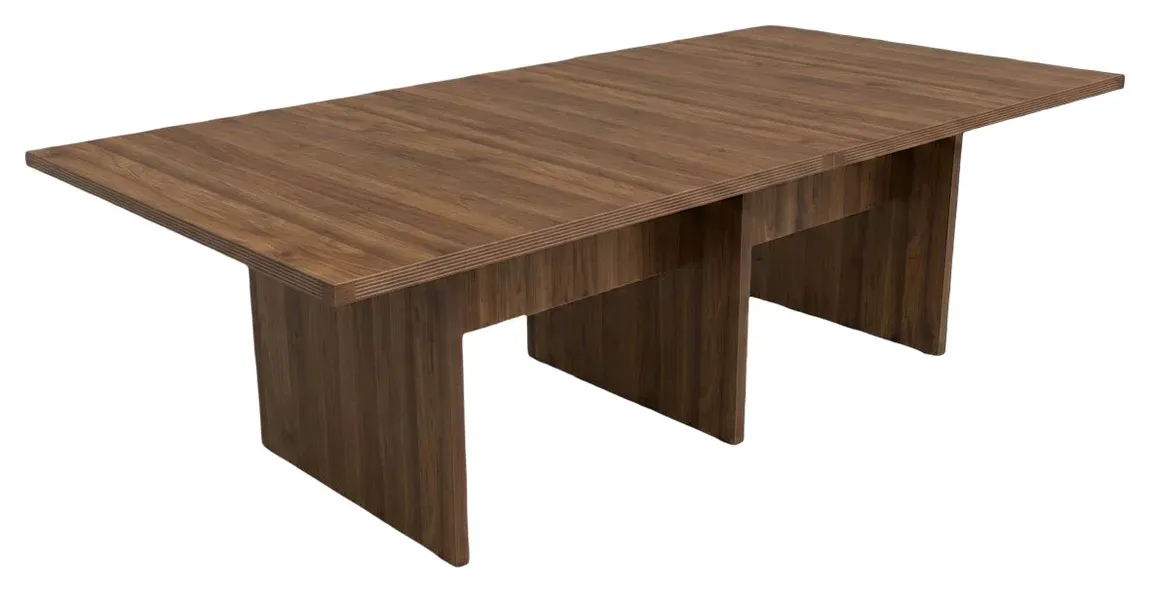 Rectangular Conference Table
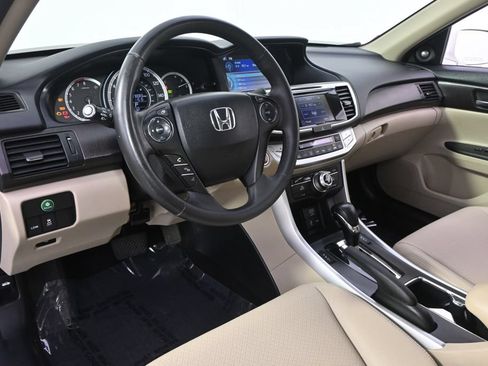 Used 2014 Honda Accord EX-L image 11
--
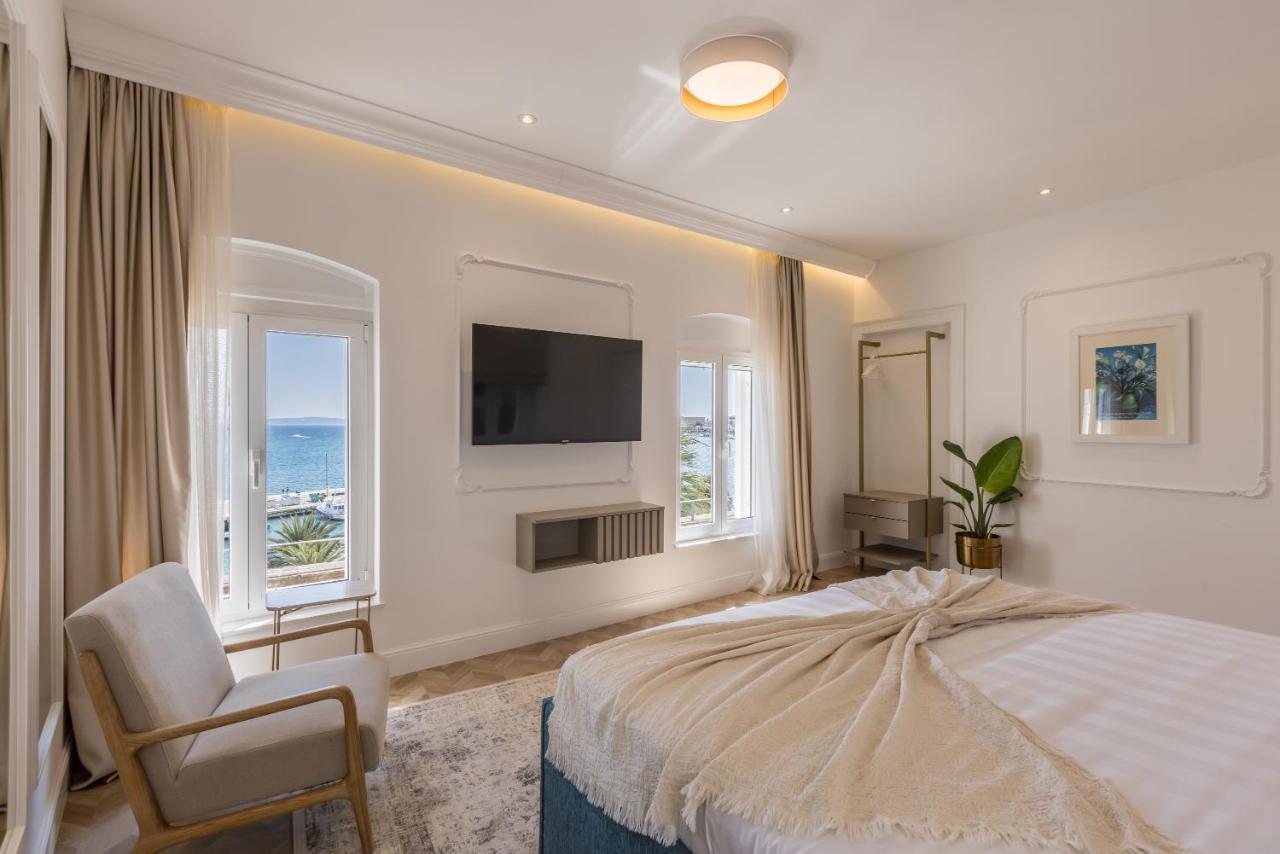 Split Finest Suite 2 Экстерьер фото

What you have to do: Copy nothing but the lines above from the one with "Rectangular Conference Table" to the one with "Used 2014 Honda Accord EX-L image 11", inclusive, word for word. Leave every picture out.

Answer to this problem:
 Rectangular Conference Table
 Used 2014 Honda Accord EX-L image 11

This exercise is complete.